I was molested at age 8 riding my bike around a play ground. I was molested again at age 11 at the movie theater, both times there was no adult present, both times in the day time.

You want to take that chance with your kids? It makes other adults the hostage parent. It means that when unattended children misbehave, as all children do, the adult who is present is morally obligated to step in and keep the child safe. It also means the unattended children could easily make things worse.

Walking home from the park with a big group of friends one day, we decided to hang on some drooping power lines. Until some man pulled over and yelled at us like crazy. We had no idea the danger we put ourselves in.

Kids do stupid stuff and it the adults responsibility NOT to burden them with death defying odds as we hope and pray they "make it out okay."


----------



## Happyfamily

Err on the side of the pleasure one gets from having the jack boots on the neck of your neighbor, I always say. 

What we learned from the post-WWII totalitarian police states was how readily everyone turned in their neighbors for "crimes" like keeping an egg or stating their opinion on something. It wasn't that the police state was so extensively manned and financed. It's that having a police state allows people to free their inner sadist to unleash on others. Always to such noble purposes of course.

The Milgram experiment here in the USA was really no different. It proved people are only too eager to deliver a lethal amount of electric shock to a screaming subject, so long as someone in authority tells them it's OK. 

Subsequent experiments proved remarkable consistency in that the great majority - like 65% - were willing to _kill _ people for the "benefit" of a stupid social psychology experiment. God knows how high that proportion is when something serious like the "safety of children" is at issue. 

All we have to do is manufacture an excuse and hey, no problem: destroy families, incarcerate people, even kill them. Yippie!


----------



## Theseus

Anon Pink said:


> Calling 911 is exactly what the guy should have done. To have done anything else would have brought both the girls and himself into further areas of danger,


I disagree with you 100%. It's not like these kids were wandering around in the middle of the night, starving, or begging on the streetcorner. 

The children were in no danger, so calling the police immediately escalated the situation far beyond where it needed to be. The man could easily have done two other things much less drastic. He could have simply *called the parents* or he could have walked them home. They were only a few minutes away, for crying out loud!


----------



## greenfern

I agree with posters that say the adult who saw the kids should have intervened, but not with a 911 or police call. If it was me I probably would have talked to the girls and got their phone # and called the parents myself.

My kids (7 & 9) have recently been allowed to venture out, to walk to the grocery store nearby, with a list, and do a bit of shopping. They love it and I love that they are getting more independence. This story is a really good reminder that I need to talk to them about what happens if a stranger talks to them or asks what they are doing/where their parents are. 

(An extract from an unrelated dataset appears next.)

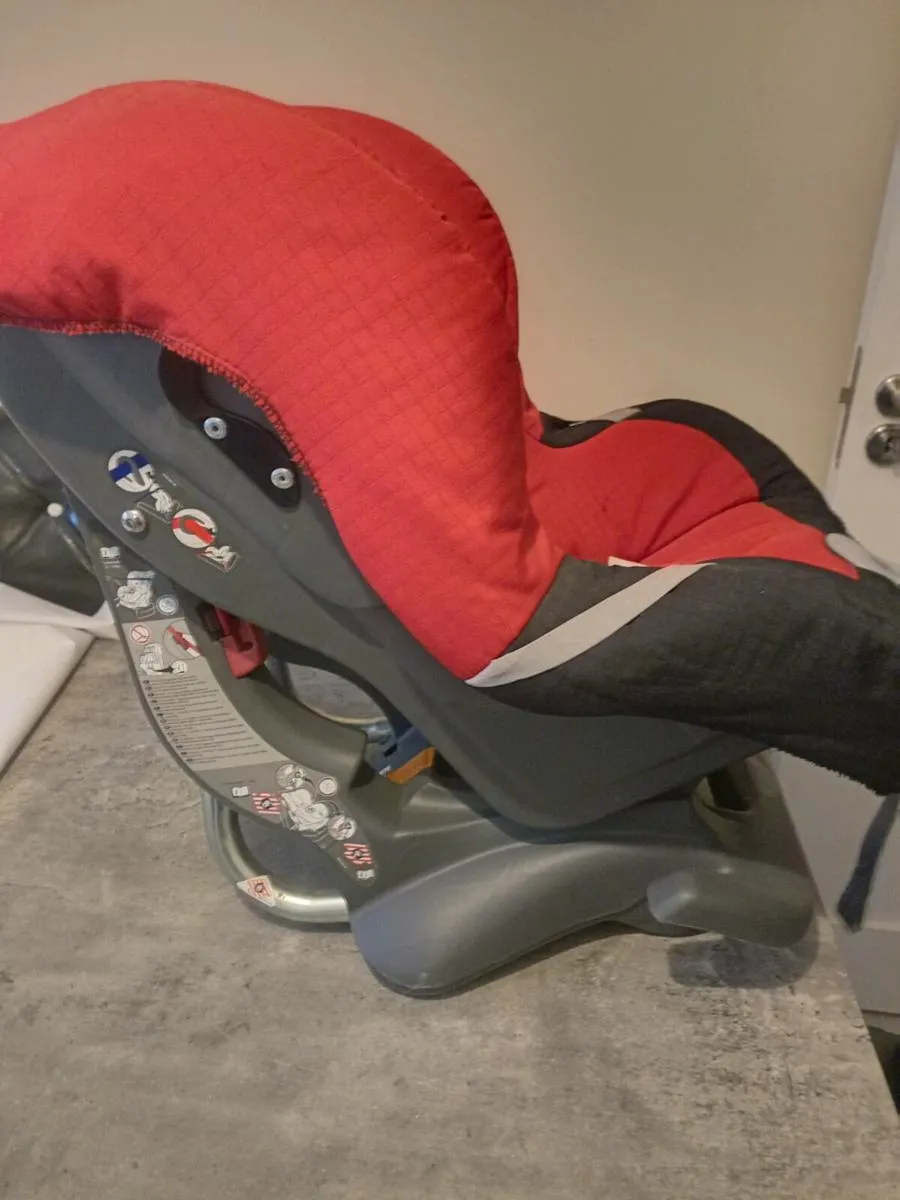 Britax kids car seat. - Image 4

Now I'm a little confused though. What is the correct instruction to give to a child you have given permission to, say, go to the store, and a stranger stops them like what happened in OP story.


----------



## Theseus

Anon Pink said:


> I was molested at age 8 riding my bike around a play ground. I was molested again at age 11 at the movie theater, both times there was no adult present, both times in the day time.
> 
> You want to take that chance with your kids?


Anon, I'm sorry for what happened to you but I think you are forgetting that most children who are molested, are molested by *ADULTS*, so there's obviously an adult around. So I don't think that's the best basis to start from.


----------



## greenfern

I should also add that unless the girls looked lost or distressed or confused I probably wouldn't stop them. 

Anon Pink, the fact that you were molested at age 8 & 11, with no parents around, is terrible. But I don't think that is a good reason to not let an 11 year old go to the store or park in the daytime. Can I ask, was it a stranger in both cases? I don't want to minimize your experience but what kind of molestation was it? Was it reported? 

The police come to the schools here and talk to the kids about this kind of thing, but they re-iterate what other posters have said, that molestation is almost always at the hands of someone you know and it could even occur in your house with your parents around. To happen in a public place, in the daytime, is highly unusual.


----------



## Theseus

Miss Taken said:


> This is a big reason why there are no kids outside anymore. This is also why six and seven year olds are generally not competent enough to cross the street by themselves.


Amen! This is also one reason why kids are so much more obese these days. They can't go outside without a parent, so they spend all their time inside playing video games instead. When I was a kid from 8-12 years old, I would ride my bike everywhere. It frustrates me to no end when parents only let their kids play in the yard or driveway and only when the parent is sitting outside too. 

My family lived in Germany for many years, and it was no problem for my children to walk home from school. But now in the USA, not only do kids seldom do that, but some schools won't even allow it!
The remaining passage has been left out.